ABOUT THIS EXERCISE → Reproduce only what runs from the line containing "Celeste MOP Heart Necklace - Image 2" to the line containing "Youngevity Bone Building" in the records below, inclusive. Keep it exact, and keep the pictures out.

MATERIAL FOR THE TASK →
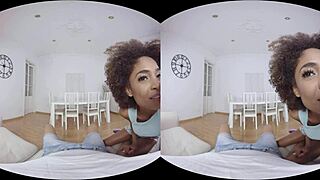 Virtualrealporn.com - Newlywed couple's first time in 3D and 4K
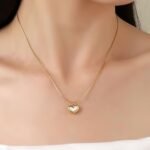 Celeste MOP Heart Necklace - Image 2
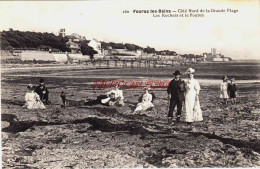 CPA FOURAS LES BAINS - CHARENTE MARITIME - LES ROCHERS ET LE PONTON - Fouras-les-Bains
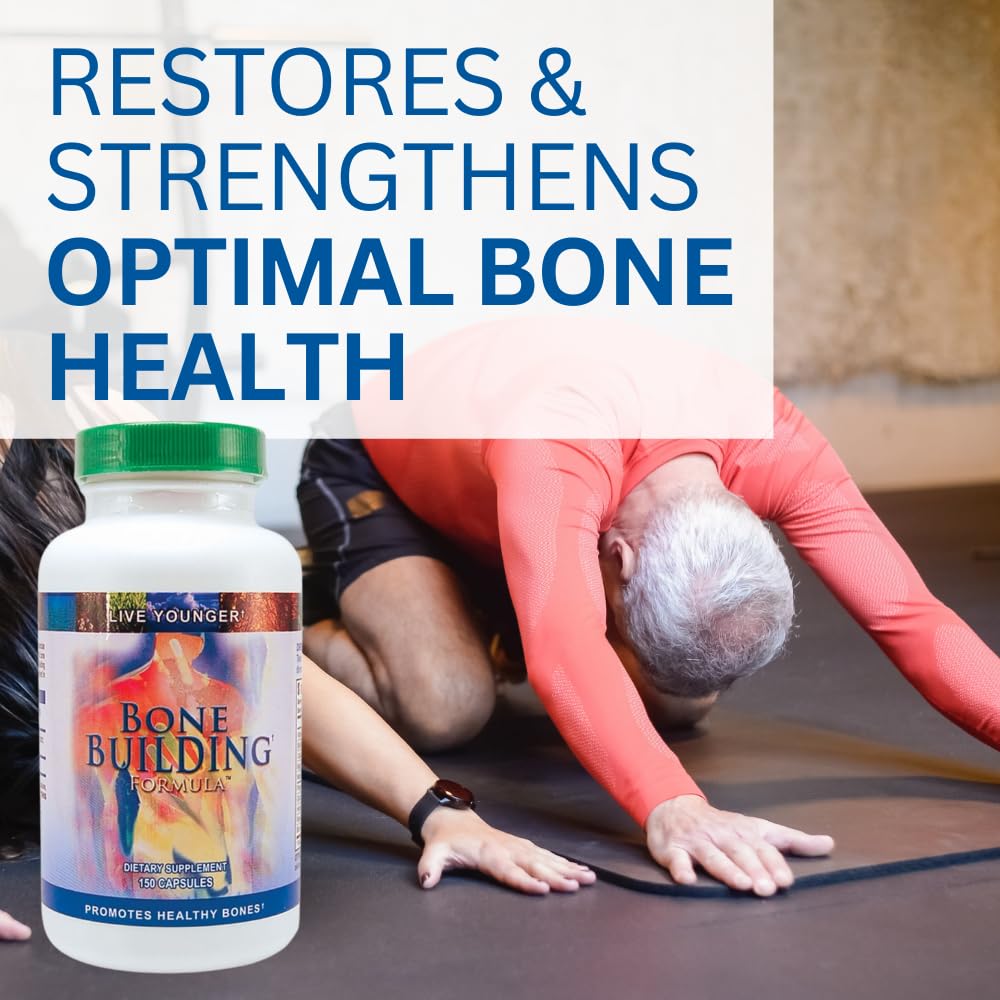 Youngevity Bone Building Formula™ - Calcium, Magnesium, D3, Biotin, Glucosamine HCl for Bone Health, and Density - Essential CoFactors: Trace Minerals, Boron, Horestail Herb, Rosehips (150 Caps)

--

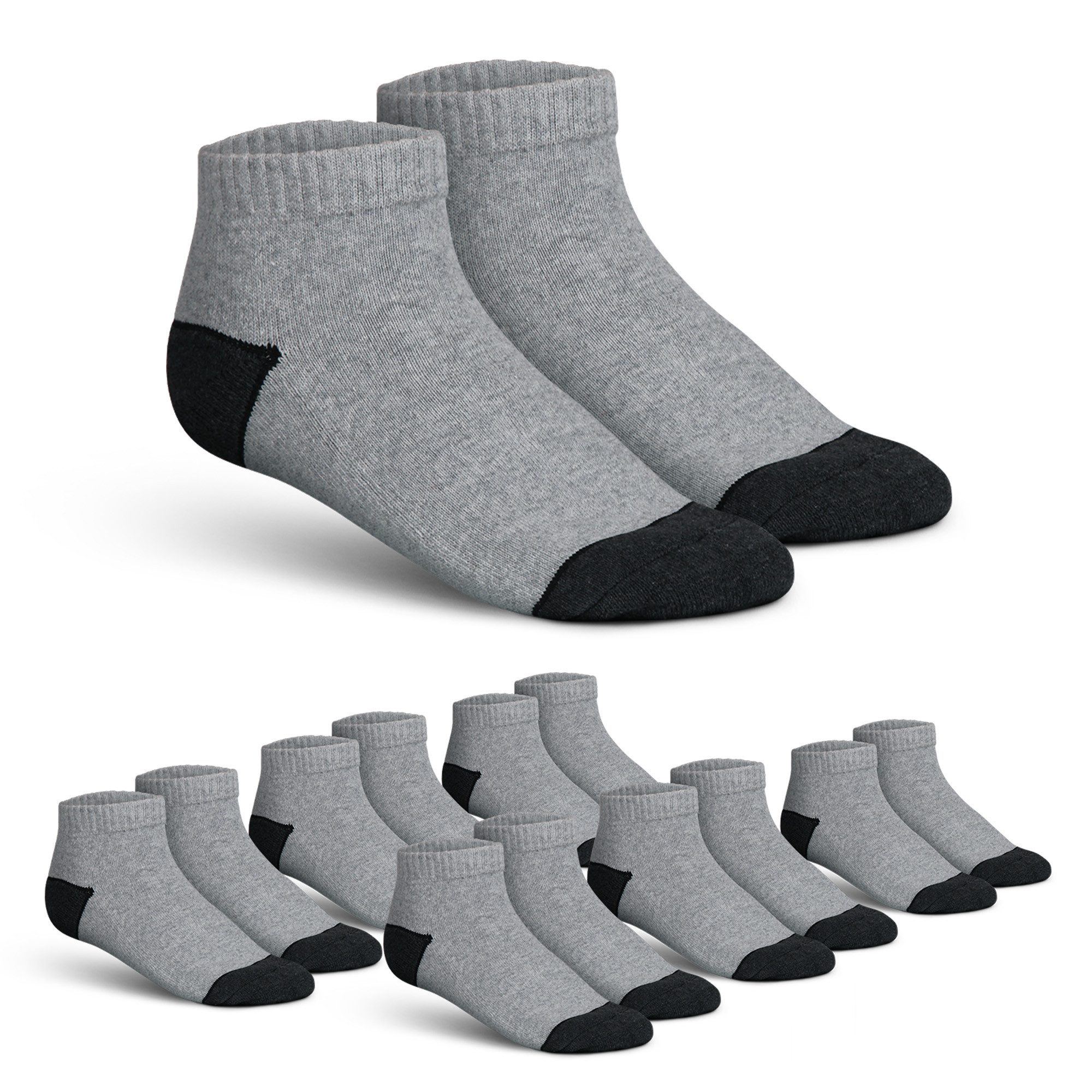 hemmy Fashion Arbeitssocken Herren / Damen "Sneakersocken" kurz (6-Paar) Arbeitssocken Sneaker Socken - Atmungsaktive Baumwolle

==

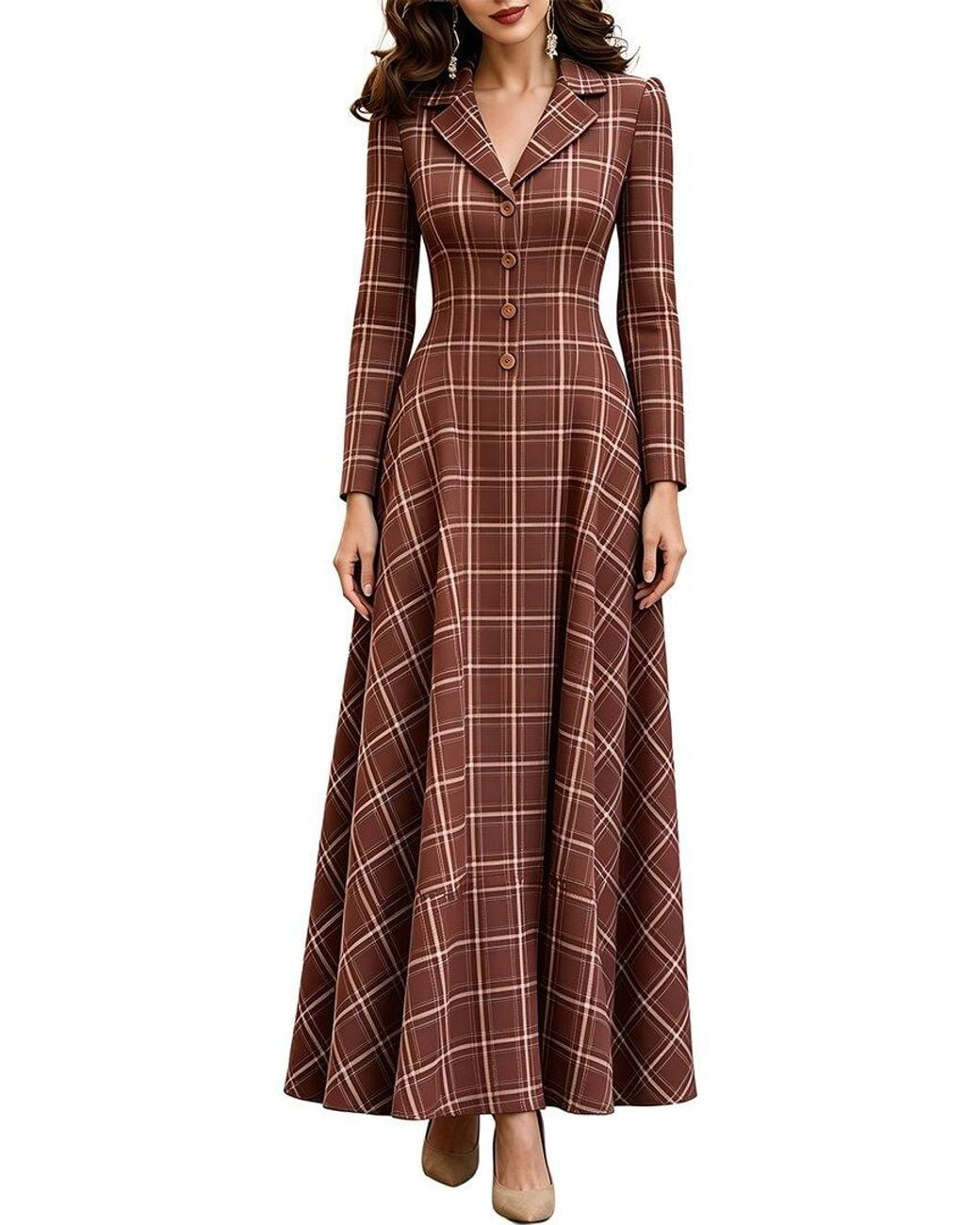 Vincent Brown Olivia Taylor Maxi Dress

REPLY →
 Celeste MOP Heart Necklace - Image 2
 CPA FOURAS LES BAINS - CHARENTE MARITIME - LES ROCHERS ET LE PONTON - Fouras-les-Bains
 Youngevity Bone Building Formula™ - Calcium, Magnesium, D3, Biotin, Glucosamine HCl for Bone Health, and Density - Essential CoFactors: Trace Minerals, Boron, Horestail Herb, Rosehips (150 Caps)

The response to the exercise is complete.